● **What you have to do**:
Write out word for word the lines from the one holding "Plateau tournant verre" through the end of the data, and only those lines. Pictures stay out.

● **Source information**:
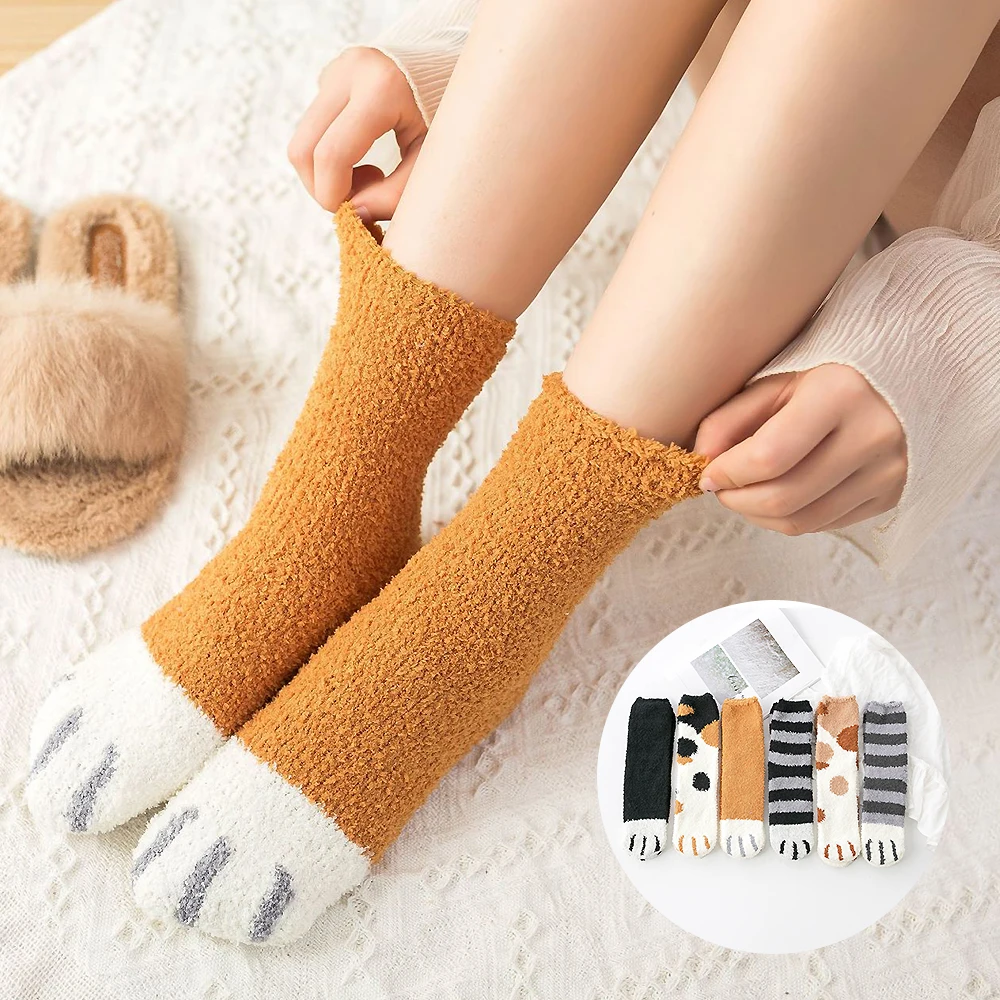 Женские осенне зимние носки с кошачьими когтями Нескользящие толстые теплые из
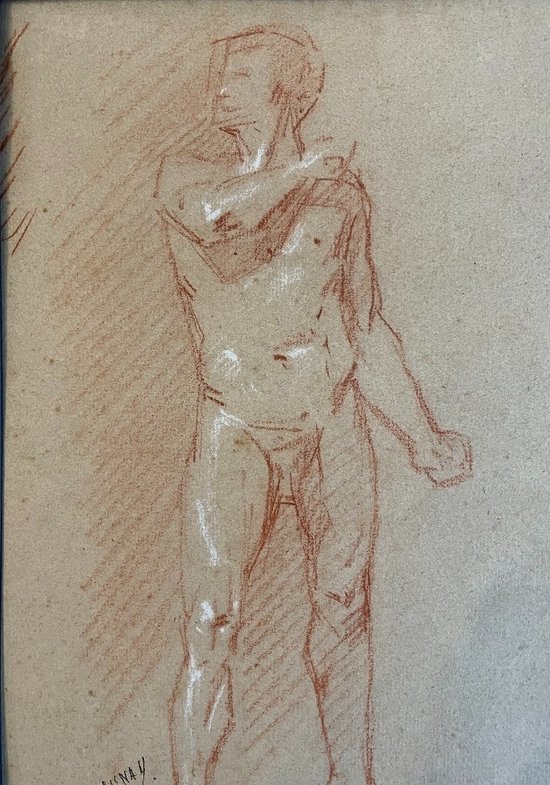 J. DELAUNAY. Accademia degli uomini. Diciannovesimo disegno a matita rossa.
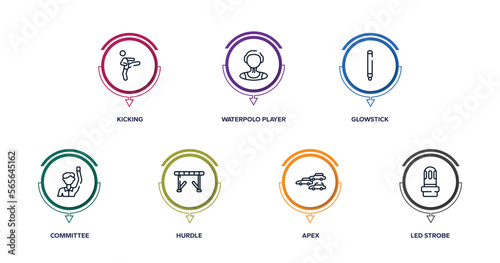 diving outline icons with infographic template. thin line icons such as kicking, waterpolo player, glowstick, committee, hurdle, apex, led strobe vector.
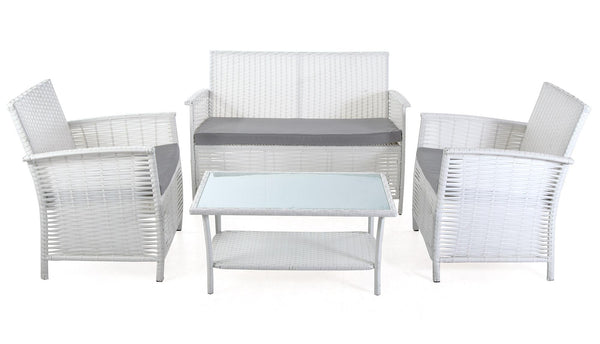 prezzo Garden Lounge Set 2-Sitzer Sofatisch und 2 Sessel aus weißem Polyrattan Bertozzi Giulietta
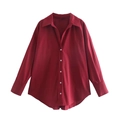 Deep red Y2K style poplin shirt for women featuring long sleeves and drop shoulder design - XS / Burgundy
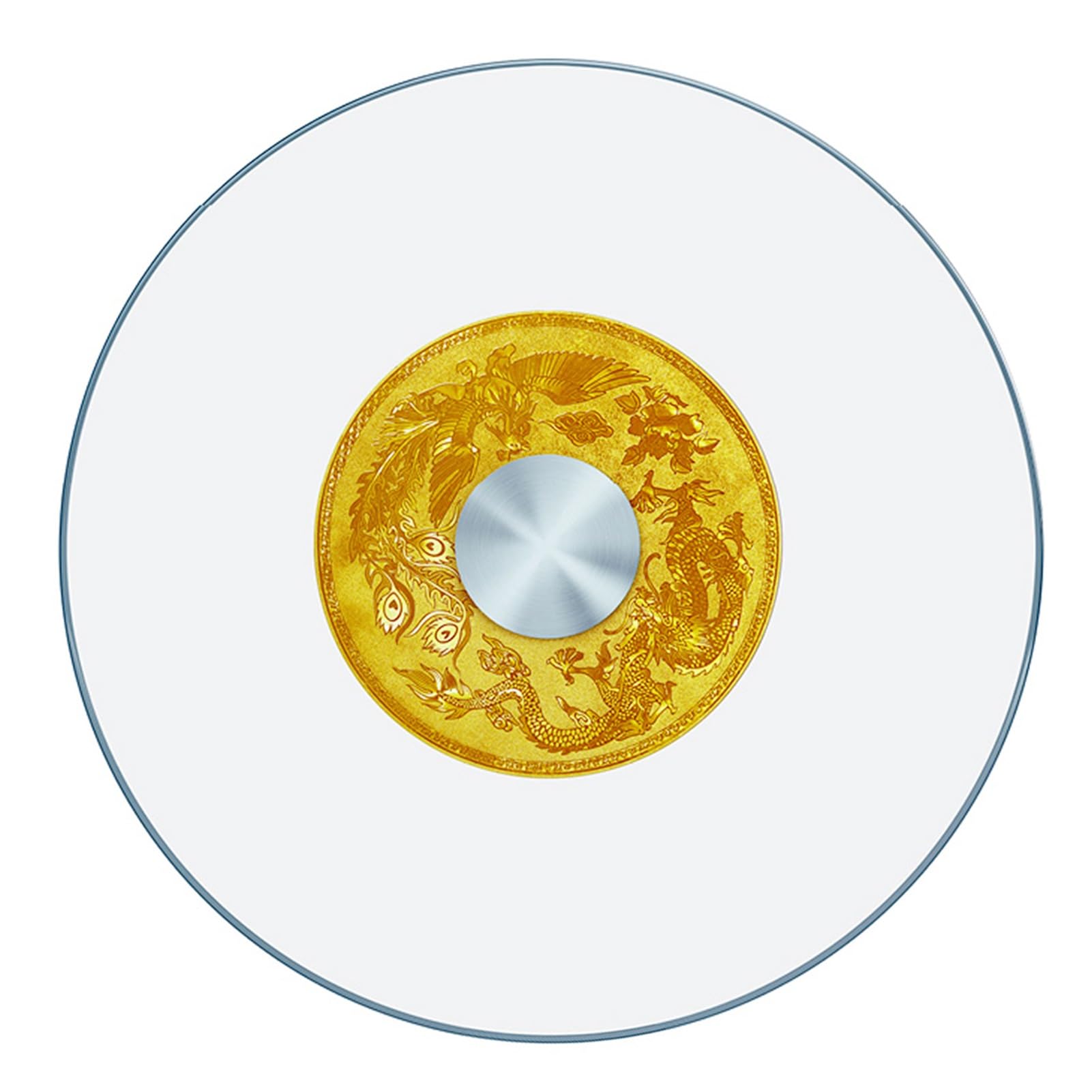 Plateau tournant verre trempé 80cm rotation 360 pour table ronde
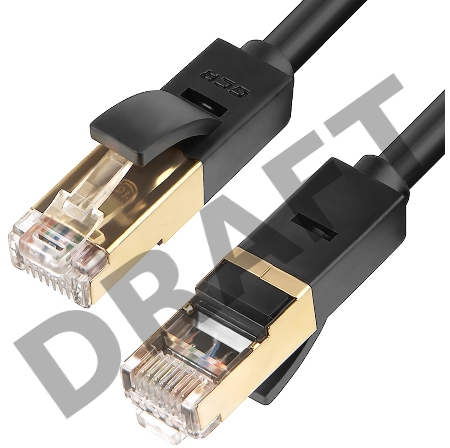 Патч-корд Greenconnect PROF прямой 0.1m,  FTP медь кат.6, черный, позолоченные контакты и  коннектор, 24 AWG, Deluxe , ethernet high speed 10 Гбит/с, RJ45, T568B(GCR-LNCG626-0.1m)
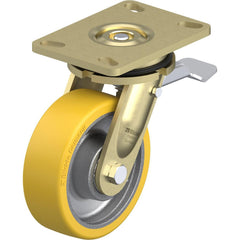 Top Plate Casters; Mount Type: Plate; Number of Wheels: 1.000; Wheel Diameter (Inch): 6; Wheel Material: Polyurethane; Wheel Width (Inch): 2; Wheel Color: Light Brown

● **Solution below**:
 Plateau tournant verre trempé 80cm rotation 360 pour table ronde
 Патч-корд Greenconnect PROF прямой 0.1m,  FTP медь кат.6, черный, позолоченные контакты и  коннектор, 24 AWG, Deluxe , ethernet high speed 10 Гбит/с, RJ45, T568B(GCR-LNCG626-0.1m)
 Top Plate Casters; Mount Type: Plate; Number of Wheels: 1.000; Wheel Diameter (Inch): 6; Wheel Material: Polyurethane; Wheel Width (Inch): 2; Wheel Color: Light Brown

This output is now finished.